Education: Social Justice in Higher Ed
Viewing higher education through a social justice lens, ACPA is working toward a day when students of every background have the support they need to succeed in college.
Education • American College Personnel Association
The American College Personnel Association believes the legacy of colonial rule and institutionalized racism has a negative impact on all students—and wants that to end.
“We are challenging institutions and professionals to rethink who is served by a college education and how all students are prioritized in supporting their needs to be able to access and achieve a college degree,” says ACPA Executive Director Christopher Moody. The organization aims to “reconstruct a society where we don’t default to notions of ‘majority rules’ or create programs and services off of only what is needed [by] white and/or male students to be successful in college.”
In pursuing that vision, ACPA uses virtual and in-person events to acknowledge the original ownership of land by Indigenous peoples; offers caucusing opportunities for racial, ethnic, and tribal groups to explore how to create racially and socially just communities; and encourages members—who are college and graduate students in higher education administration, faculty, and student affairs educators—to take these practices back to their own campuses for implementation. ACPA also works on leading research in this field so others can use this work to reshape their own communities.

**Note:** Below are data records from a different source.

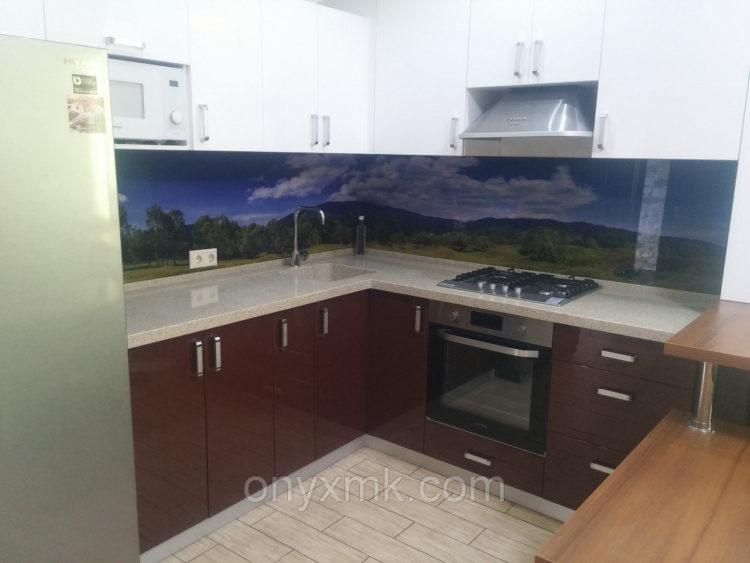 200 идей дизайна интерьера маленькой угловой кухня с фото ?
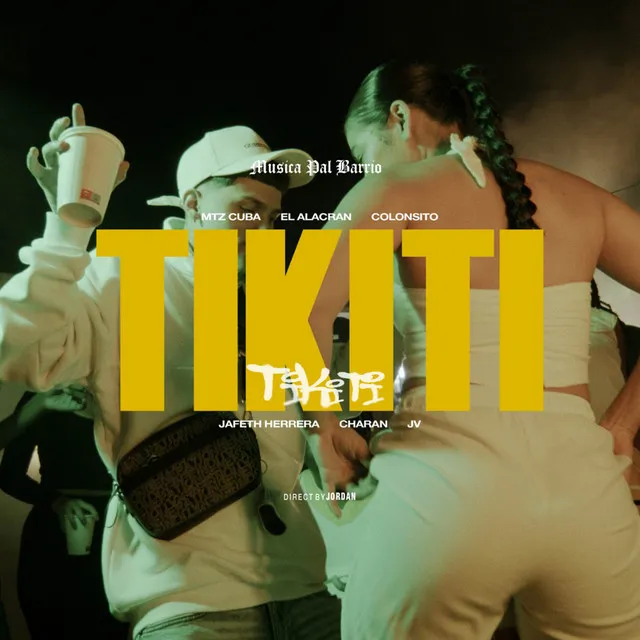 TIKITI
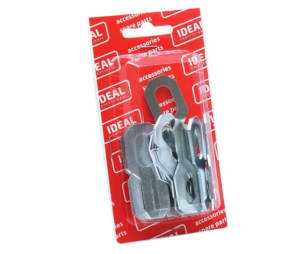 Welding accessories and materials index 004033/20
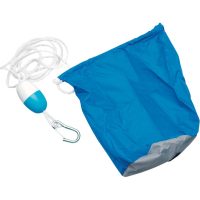 ANCHOR BAG JET BOAT, BLUE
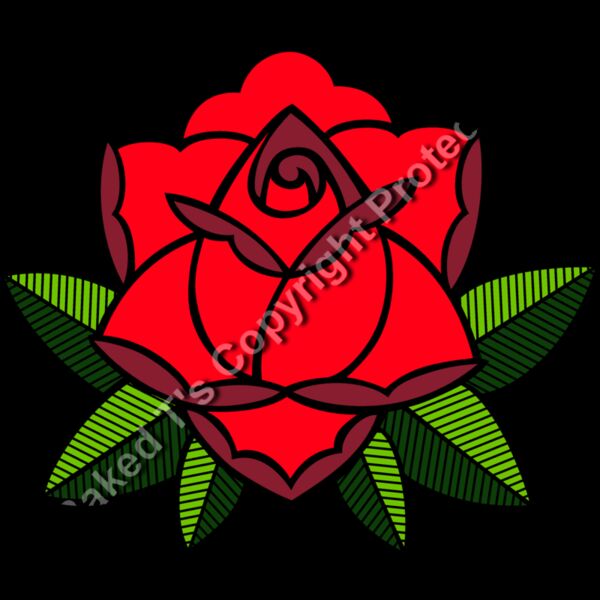 ES3rose02clr Thumbnail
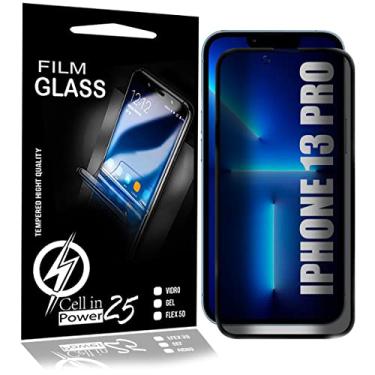 Imagem de Película Privacidade 3d Anti Spy IPhone 13 Pro 6.06 - Cell In Power25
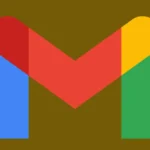 Gmail Icon Logo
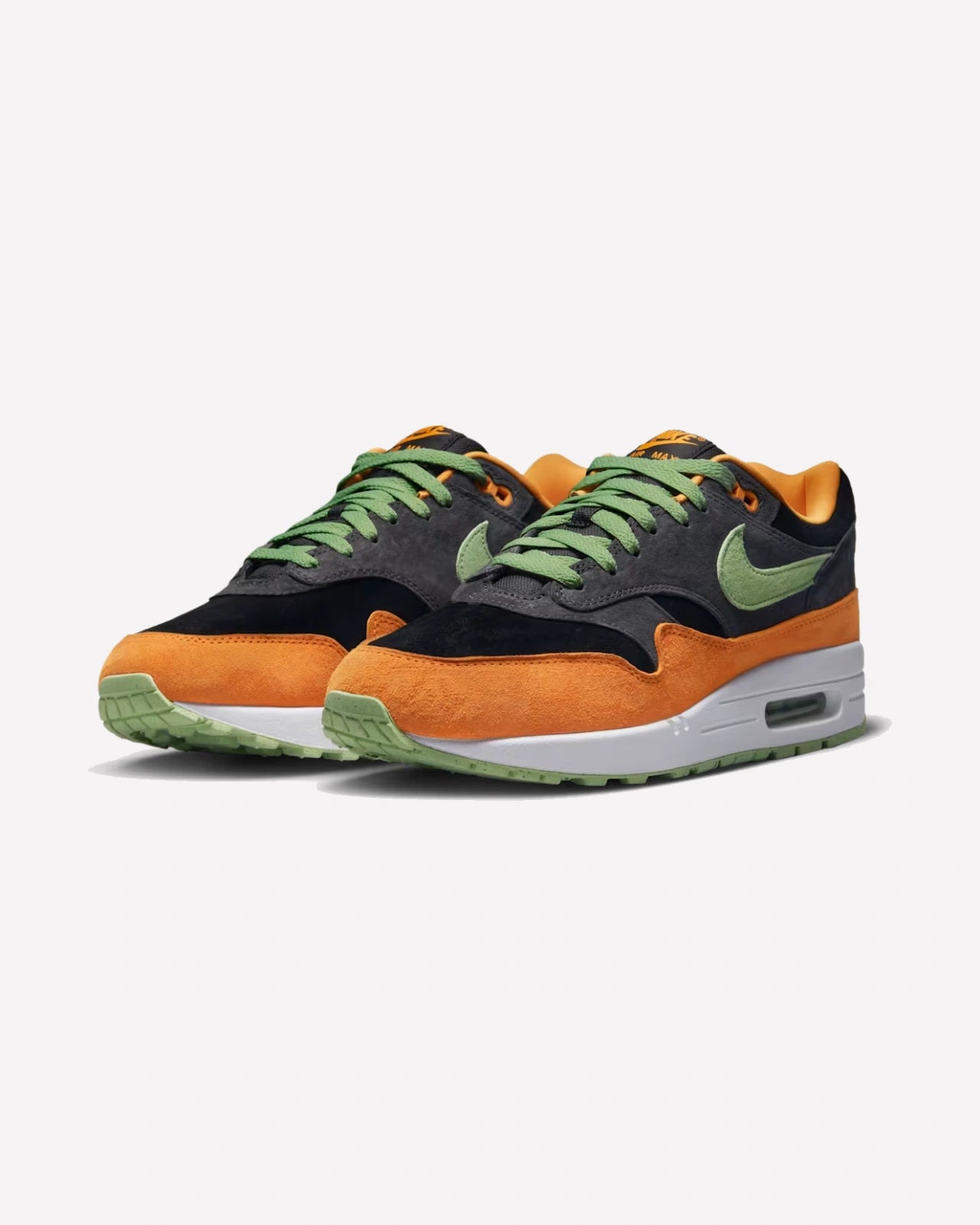 Nike Air Max 1 PRM Duck Honey Dew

Moody says it’s hard to predict exactly what success looks like because so much of today’s world is filtered through a prism of colonial legacy. But he knows the outcome ACPA is working toward: “A higher education that embraces racial justice and decolonization might produce graduates of color or graduates who are Indigenous at the same or higher rates of white graduates [and] have greater diversity and representation across institutional leadership and faculty.”